[Opening SOURCE MATERIAL section]
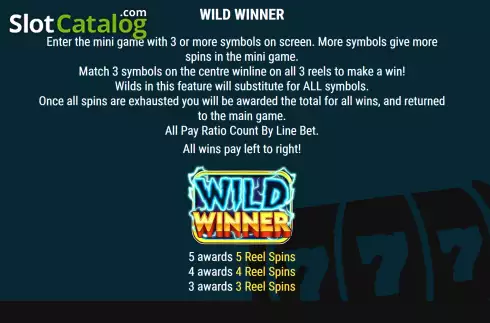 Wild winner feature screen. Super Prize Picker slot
[Closing SOURCE MATERIAL section]
[Opening SOURCE MATERIAL section]
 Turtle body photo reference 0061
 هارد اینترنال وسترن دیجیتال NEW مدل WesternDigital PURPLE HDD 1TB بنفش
[Closing SOURCE MATERIAL section]
TASK INSTRUCTIONS »
Look above for the line with "Turtle body photo reference 0061"; retype exactly that line, every line after it up to the line with "هارد اینترنال وسترن", and that line too, nothing else.

RESULT »
 Turtle body photo reference 0061
 هارد اینترنال وسترن دیجیتال NEW مدل WesternDigital PURPLE HDD 1TB بنفش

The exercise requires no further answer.